September 14, 2020
Contact: Office of Communications
U.S. Department of Labor Issues Final Rule on Cranes and Derricks
Used in Railroad Roadway Work
WASHINGTON, DC – The U.S. Department of Labor's Occupational Safety and Health Administration (OSHA) published a final rule today amending the agency's crane standard. The final rule will maintain safety and health protections for workers, while reducing compliance burdens.

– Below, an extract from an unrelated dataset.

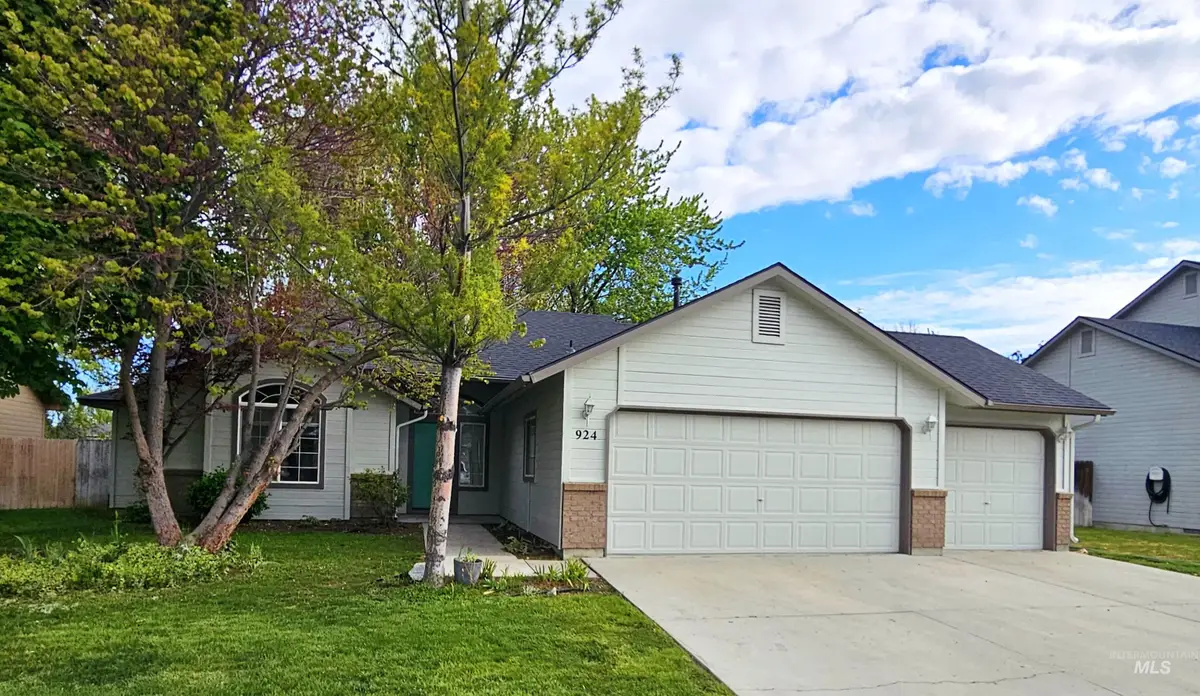 924 E Hawk St., Meridian, ID 83646 - #1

The final rule adds certain exemptions and clarifications to recognize the unique equipment and circumstances in railway roadway work. The rule also reflects that some OSHA requirements, with regard to the operation of railroad roadway maintenance machines equipped with cranes, are preempted by Federal Railroad Administration (FRA) regulations.
What is exempted?
Flash-butt welding trucks, a specialized piece of equipment used in railroad work that meets the technical definition of a crane, but does not present the types of safety hazards that OSHA intended to address in the crane standard; and
Using rail stops and rail clamps; restricting out-of-level work; prohibiting dragging a load sideways; having a boom-hoist limiting device for hydraulic cylinder equipped booms; and following manufacturer's guidance for the use and modification of equipment.
Operator training and certification will follow FRA's regulatory requirements.
Under the Occupational Safety and Health Act of 1970, employers are responsible for providing safe and healthful workplaces for their employees. OSHA's role is to help ensure these conditions for America's working men and women by setting and enforcing standards, and providing training, education, and assistance. For more information, visit www.osha.gov.
The mission of the Department of Labor is to foster, promote, and develop the welfare of the wage earners, job seekers, and retirees of the United States; improve working conditions; advance opportunities for profitable employment; and assure work-related benefits and rights.